=== Begin Enclosure ===

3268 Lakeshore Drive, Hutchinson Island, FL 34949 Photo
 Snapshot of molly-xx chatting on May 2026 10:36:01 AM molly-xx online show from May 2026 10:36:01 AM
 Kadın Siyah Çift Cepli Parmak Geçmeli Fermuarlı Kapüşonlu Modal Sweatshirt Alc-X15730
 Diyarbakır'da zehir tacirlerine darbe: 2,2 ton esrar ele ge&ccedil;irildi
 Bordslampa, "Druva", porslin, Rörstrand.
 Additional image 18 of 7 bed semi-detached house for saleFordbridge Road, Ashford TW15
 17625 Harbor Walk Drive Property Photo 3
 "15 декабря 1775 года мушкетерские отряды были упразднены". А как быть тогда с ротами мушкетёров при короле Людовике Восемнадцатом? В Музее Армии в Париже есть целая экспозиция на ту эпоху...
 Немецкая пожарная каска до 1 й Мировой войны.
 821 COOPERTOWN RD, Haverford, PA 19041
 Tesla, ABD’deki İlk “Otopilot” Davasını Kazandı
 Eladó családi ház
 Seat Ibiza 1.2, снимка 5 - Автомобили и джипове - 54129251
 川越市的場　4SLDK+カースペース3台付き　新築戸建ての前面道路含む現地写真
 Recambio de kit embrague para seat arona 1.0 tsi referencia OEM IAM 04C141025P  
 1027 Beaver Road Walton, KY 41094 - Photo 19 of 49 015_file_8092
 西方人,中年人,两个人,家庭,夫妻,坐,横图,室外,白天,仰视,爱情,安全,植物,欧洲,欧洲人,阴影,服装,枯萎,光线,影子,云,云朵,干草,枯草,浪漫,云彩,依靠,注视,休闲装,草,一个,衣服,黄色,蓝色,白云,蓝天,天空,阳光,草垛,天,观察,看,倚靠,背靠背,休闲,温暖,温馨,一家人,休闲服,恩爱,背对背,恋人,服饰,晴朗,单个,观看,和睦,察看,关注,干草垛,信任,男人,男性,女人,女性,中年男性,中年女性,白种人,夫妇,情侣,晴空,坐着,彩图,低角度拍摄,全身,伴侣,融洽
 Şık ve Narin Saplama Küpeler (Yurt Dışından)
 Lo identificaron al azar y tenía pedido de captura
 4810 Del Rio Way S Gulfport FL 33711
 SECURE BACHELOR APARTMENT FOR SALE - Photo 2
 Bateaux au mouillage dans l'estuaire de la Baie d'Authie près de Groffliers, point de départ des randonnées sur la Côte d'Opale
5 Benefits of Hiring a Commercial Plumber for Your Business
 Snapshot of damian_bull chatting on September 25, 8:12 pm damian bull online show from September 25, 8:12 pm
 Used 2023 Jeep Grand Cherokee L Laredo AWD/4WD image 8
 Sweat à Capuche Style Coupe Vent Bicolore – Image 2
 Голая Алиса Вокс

=== End Enclosure ===

• _Exercise requirements_: In the entries above, find the line holding "4810 Del Rio Way S Gulfport FL 33711" and the line holding "Bateaux au mouillage", then retype exactly those two lines and every line between them, and nothing else.

• _Answer to this problem_:
 4810 Del Rio Way S Gulfport FL 33711
 SECURE BACHELOR APARTMENT FOR SALE - Photo 2
 Bateaux au mouillage dans l'estuaire de la Baie d'Authie près de Groffliers, point de départ des randonnées sur la Côte d'Opale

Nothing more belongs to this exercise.